Japan ruling party re-elects PM Noda as leader

Japanese Prime Minister Yoshihiko Noda stormed to victory in a party leadership poll Friday, vowing to revamp his troubled ruling Democratic Party of Japan ahead of upcoming general elections.

Noda won more than 60 percent of points available in a vote by lawmakers, local assembly members and individual lay members in a weighted poll for party president, which at present automatically confers the post of premier.

Lawmakers' votes count for more than those of other party members.

"I would like to beef up our teamwork so that we can shift the DPJ once again to make it a fighting force that can serve Japan," Noda told his fellow lawmakers.

At a news conference, Noda hinted he would be reshuffling his cabinet after returning from the UN General Assembly in New York later this month.

"I think changes are possible, of course, in terms of strengthening our cabinet function," Noda said. "Anyway, all I should do is to put the right people into the right posts."

Noda's re-election after a little over a year in the post was all but certain from the moment his telegenic environment minister Goshi Hosono decided against running for leadership.

Hosono, 41, who was seen as an electable leader for a party that is struggling in the opinion polls, would have become Japan's youngest ever prime minister if he had won.

Under party rules a leadership contest must be held every two years.
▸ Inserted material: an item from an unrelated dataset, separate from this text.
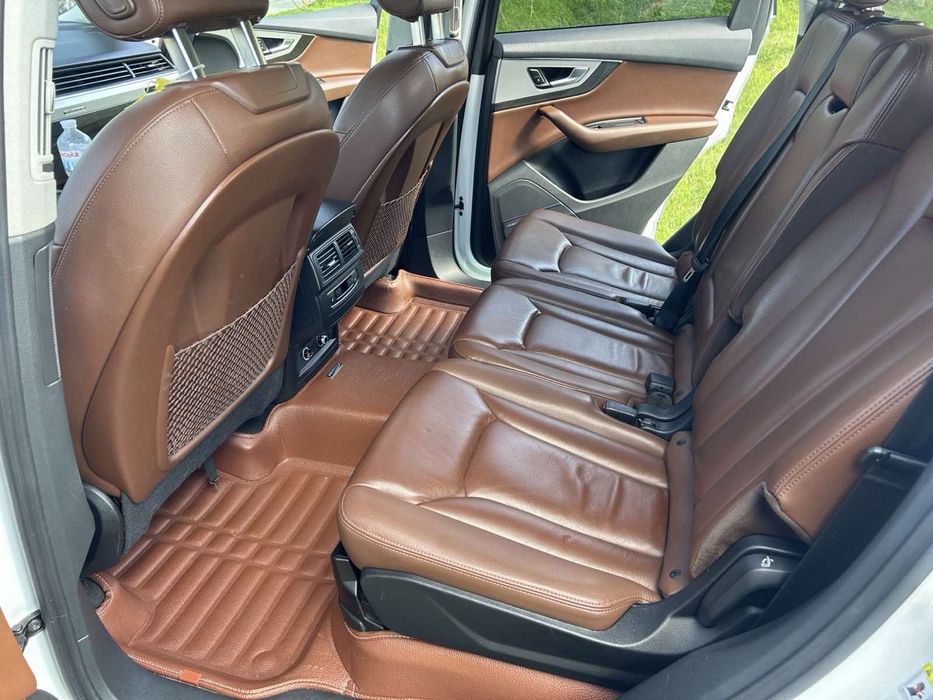 Audi  Q7  2.0 бензин  2019 року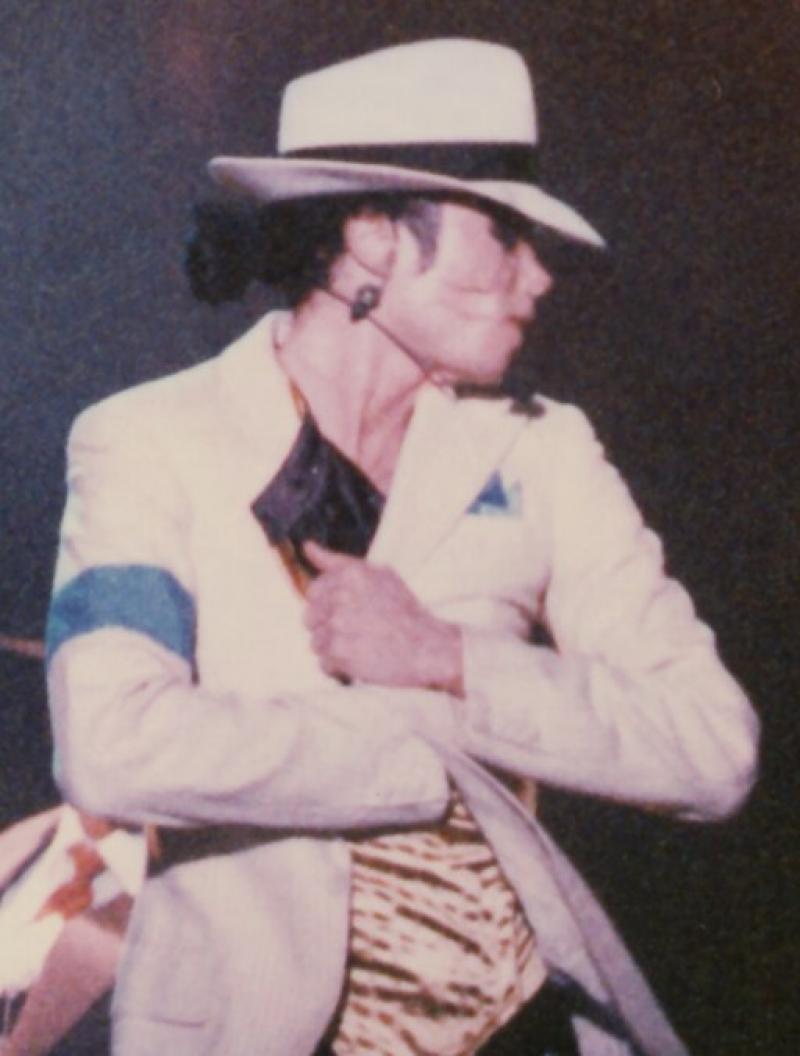 Michael_Jackson_21023177638_cropped.jpeg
That interval has now been extended to three years.

As premier and leader of the DPJ -- currently the biggest party in parliament -- Noda has pushed through unpopular legislation on doubling sales tax.

This, alongside general disenchantment with his once-popular party, has left many lawmakers fearing for their jobs in the general election expected this autumn.

However, a dearth of credible alternatives meant the contest was something of a formality for the premier.

He was challenged by three of his backbenchers: former internal affairs minister Kazuhiro Haraguchi and former agriculture ministers Hirotaka Akamatsu and Michihiko Kano.

"I have to make decisions even when the public is divided," Noda told party members after the result was announced.

"I have felt the weight of this responsibility over the last year.

"Now I feel anew the graveness of my responsibility at a time we have difficulties at home and overseas."

Noda also called on his party to speed up preparations for national elections, saying: "At any rate, lower and upper house elections are coming in the not-so-distant future."

Noda has the power to dissolve the powerful lower house to call general polls any time before the chamber's four-year term ends next autumn.

The DPJ came to power in 2009 after five decades of almost unbroken rule by the Liberal Democratic Party, but its once-radical agenda was largely jettisoned.

Noda is Japan's sixth prime minister in as many years.